Ist es nicht eher bedrohlich, dass sich gewachsene Parteiensysteme in gestandenen Demokratien wie Frankreich und Österreich so schnell pulverisiert werden? Scheitert Macron an der Unreformierbarkeit Frankreichs, wartet Le Pen. Das bekümmert mich in der Tat sehr. Zugleich ist dieses Phänomen aber auch ein Auftrag, über reale Reformen nachzudenken. Macron ist mit seinen Reformen zum Erfolg verdammt. Deshalb sind in Deutschland Regierung und Opposition, also auch die FDP verpflichtet, ihn bei seinem Vorhaben zu unterstützen. Tatsächlich erleben wir derzeit in vielen Ländern, wie der Respekt vor demokratischen Institutionen schwindet. Das liegt auch am Umgang von Politikern untereinander.

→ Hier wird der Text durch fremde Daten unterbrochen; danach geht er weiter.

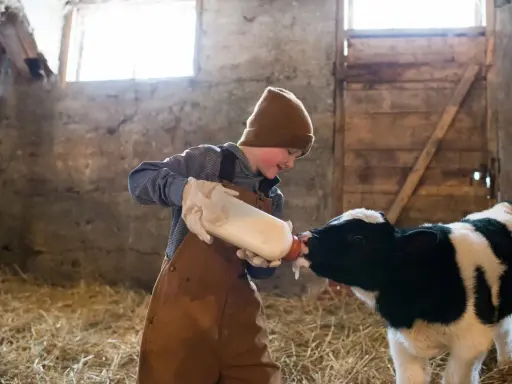Chłopiec w brązowych ogrodniczkach i czapce karmi butelką cielątko. Widać, jak mleko, być może siara bydlęca, kapie z pyszczka zwierzęcia.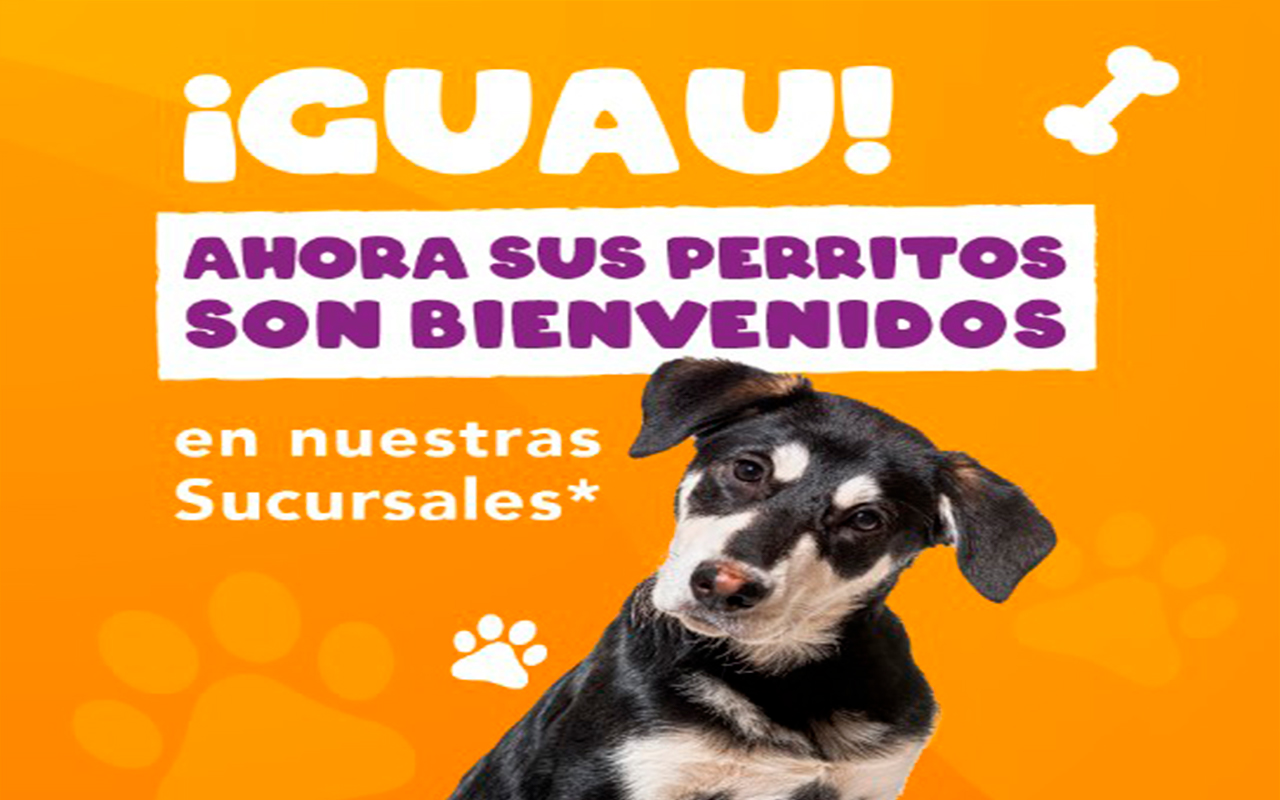 Clientes del Banco Popular podrán hacer sus trámites junto a sus mascotas.alt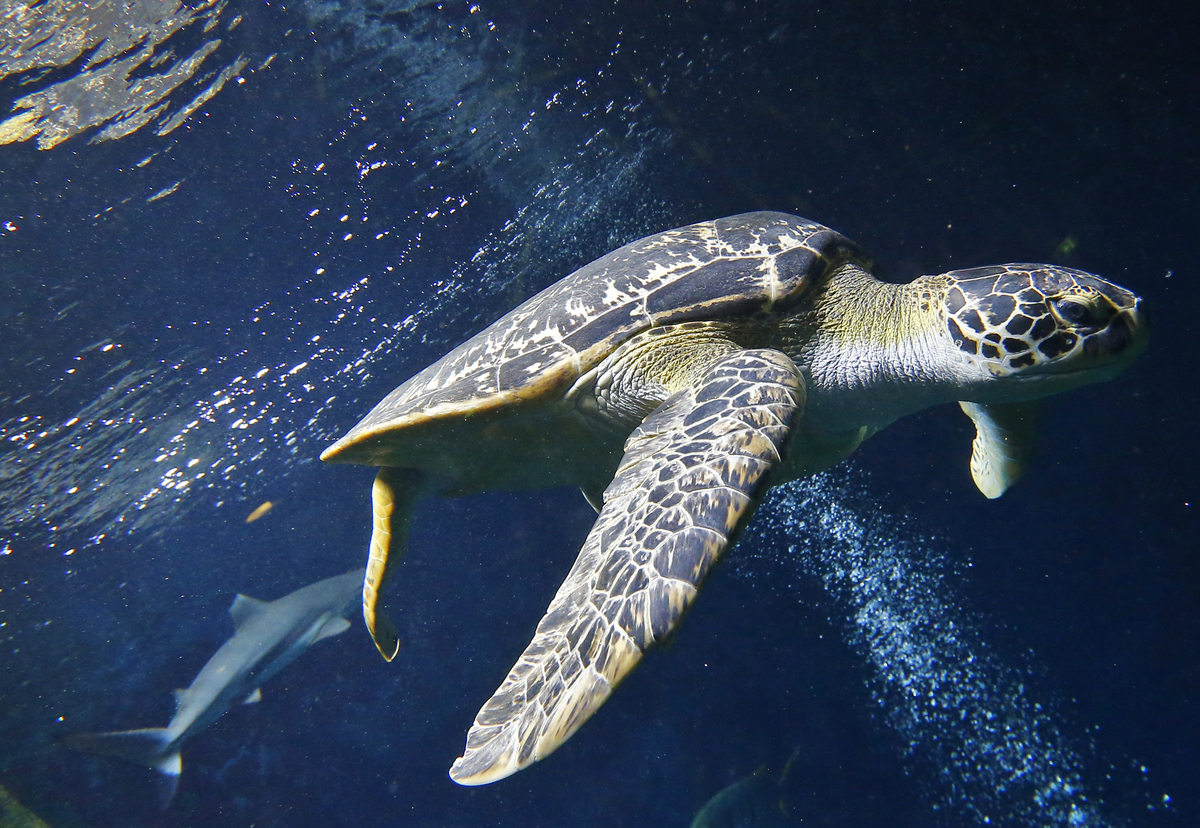 Sea Turtles Eating Plastic At Record Rates Amid Surge In Pollution Huffpost 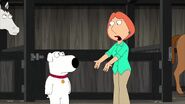 Family Guy 14 (120)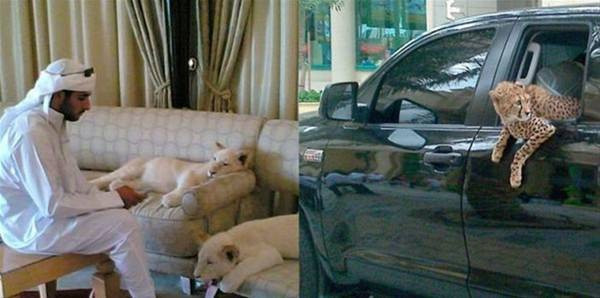 Dubai'nin zenginleri ve lüks hayatları! - Resim: 3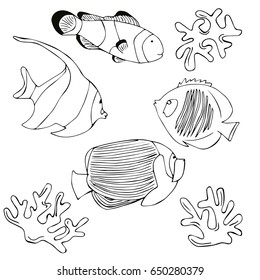 1,054 Clown Fish Line Art Images, Stock Photos & Vectors 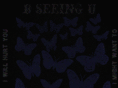 bseeingu.com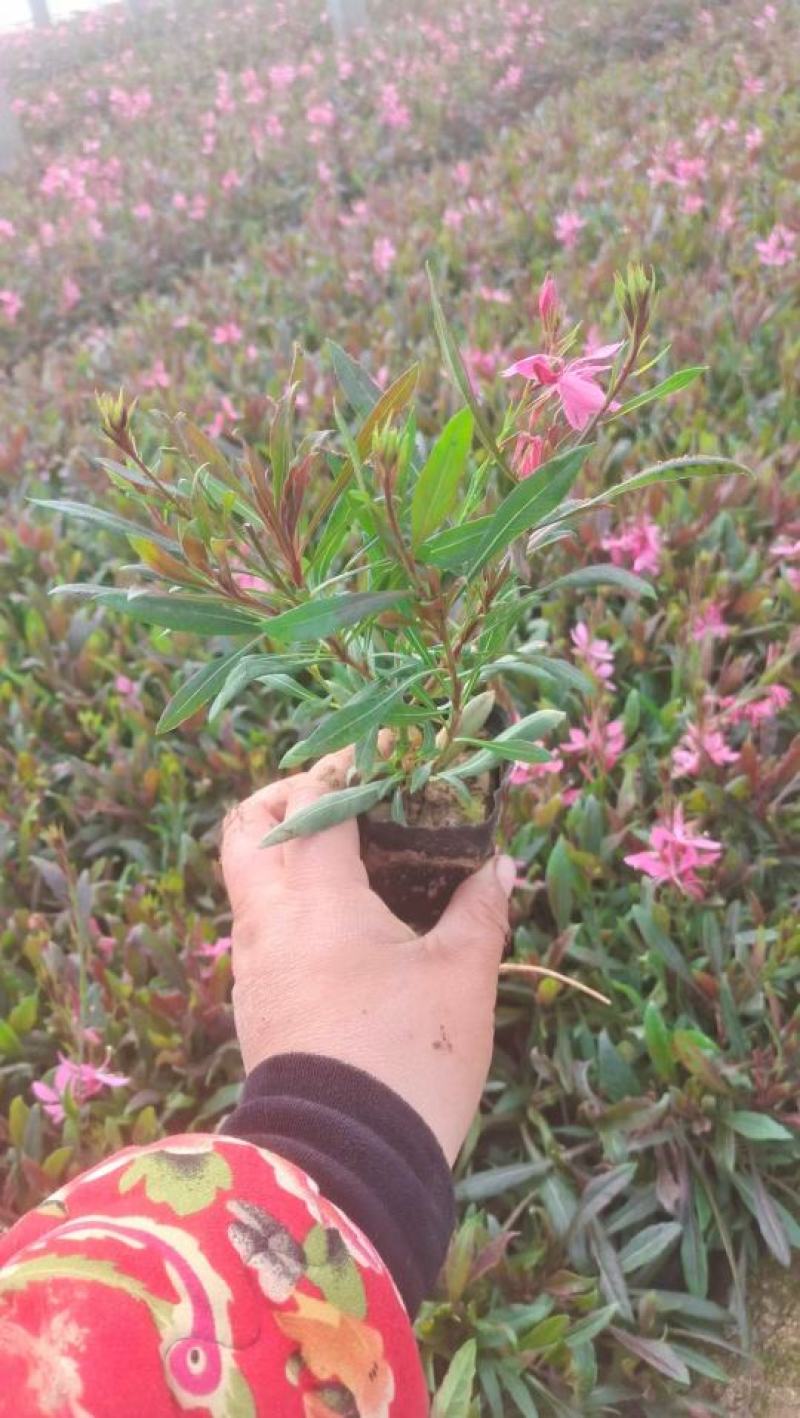 山桃草千鸟花山桃草批发山桃草价格基地直销大量有货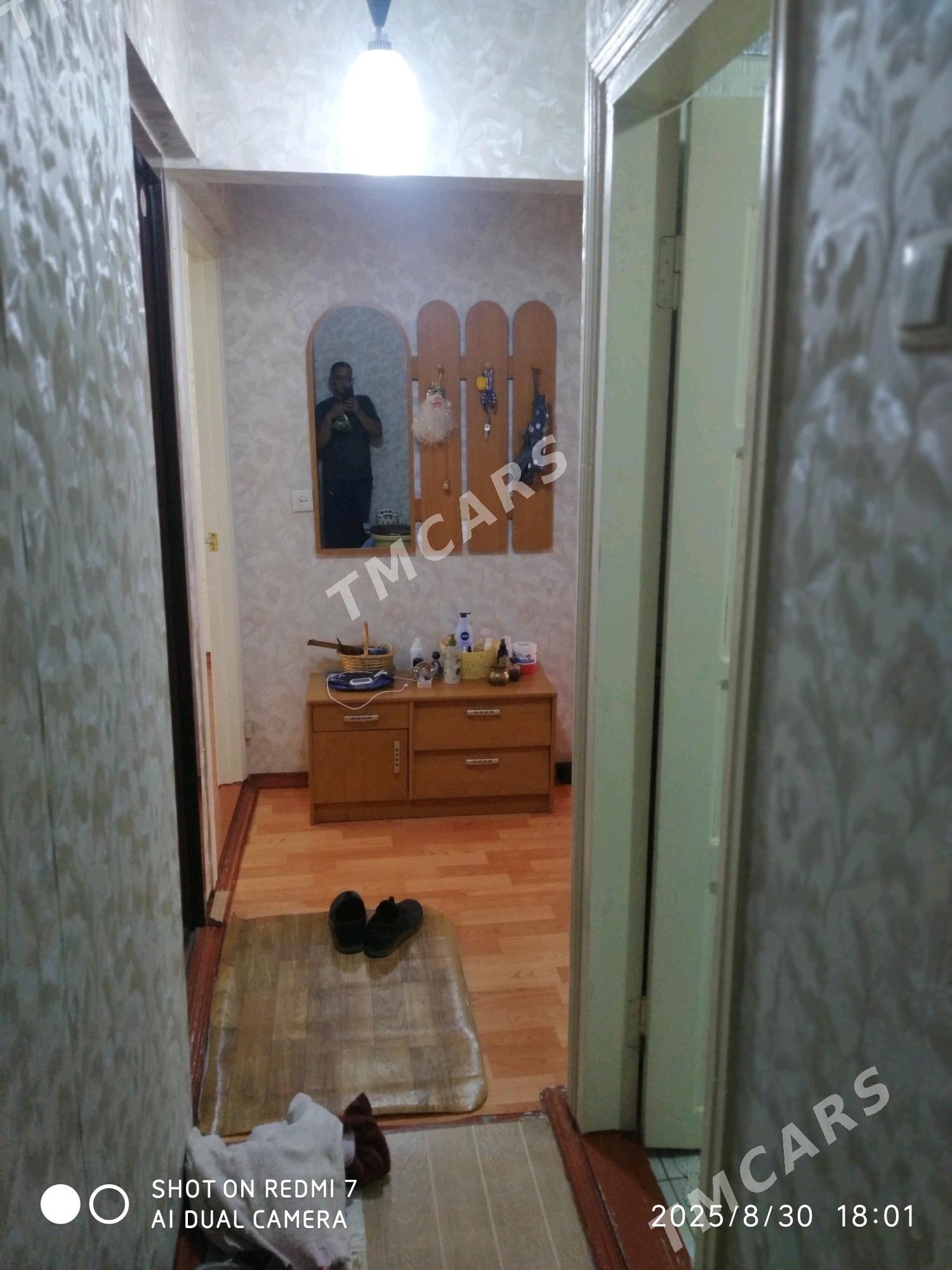 Satlyk jay - Mary - img 7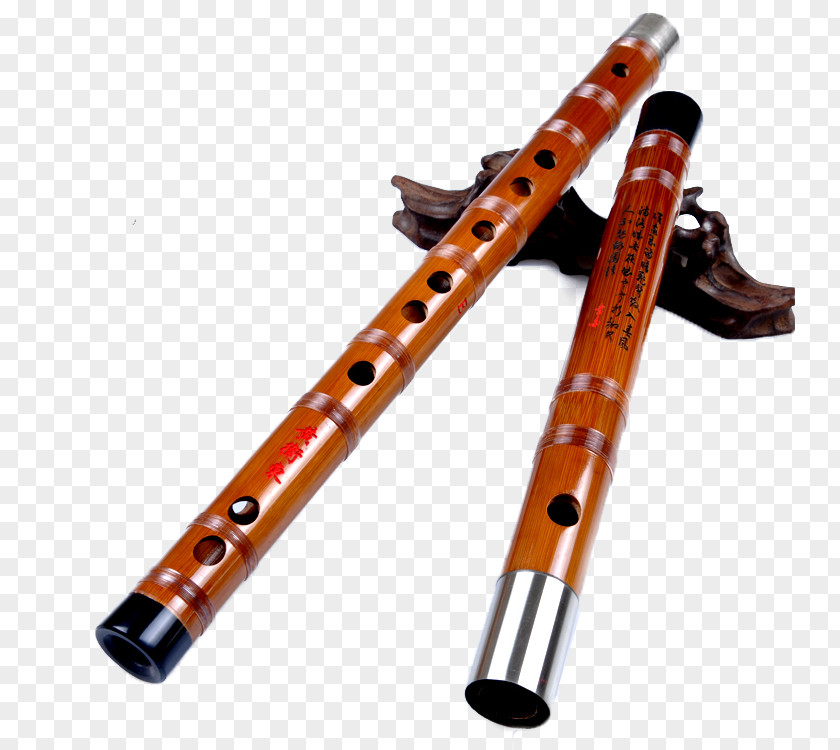 Flute Bansuri Pipe Flageolet PNG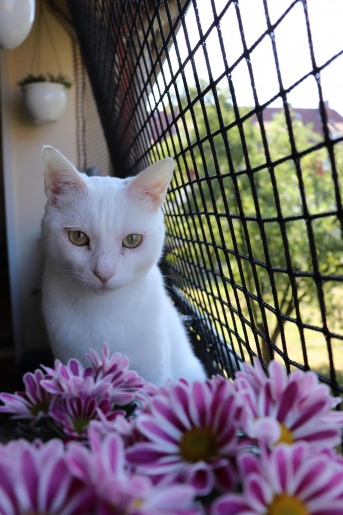 Katzenschutznetz nach Ma - Extra stark | Schutznetze24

Wochenlanger, lähmender Streit, an dessen Ende ein unpraktikabler Kompromiss steht - wie beim Familiennachzug - steigert den Unmut nur weiter.
Sie selbst haben als Zivildienstleistender gedient. Warum lehnen Sie eine allgemeine Dienstpflicht ab, obwohl Umfragen dafür Mehrheiten suggerieren? Ich selbst habe meinen Zivildienst beim Roten Kreuz abgeleistet, zum Teil in der Altenbetreuung. Das war eine bereichernde Erfahrung in der Findungsphase nach der Schule. Ich glaube aber, dass jeder junge Mensch eine solche Entscheidung über einen Dienst an der Gesellschaft freiwillig treffen sollte. Mit dem Bundesfreiwilligendienst haben wir ein Instrument geschaffen, das Männer und Frauen nutzen können. Die aktuellen Bufdi-Zahlen sind vergleichbar mit denen des ehemaligen Zivildienstes. Dazu kommen die Möglichkeiten, ein freiwilliges soziales Jahr oder einen freiwilligen Wehrdienst anzutreten. Diese Vielfalt charakterisiert unsere Gesellschaft. Deshalb geht für die FDP Freiwilligkeit vor Zwang. Damit junge Menschen ein entsprechendes Verantwortungsgefühl entwickeln können, sollte in der Schule mehr darüber gesprochen werden, was einem persönlich ein Jahr Dienst an der Gesellschaft bringt. Denkbar wäre auch, anschließend einen Bonus bei der Studienplatzvergabe oder einen zusätzlichen Rentenpunkt zu gewähren. Die Wehrpflicht zu propagieren, nachdem man gerade die Kreiswehrersatzämter abgewickelt hat, ist hingegen eine Idee für die Sommerpause.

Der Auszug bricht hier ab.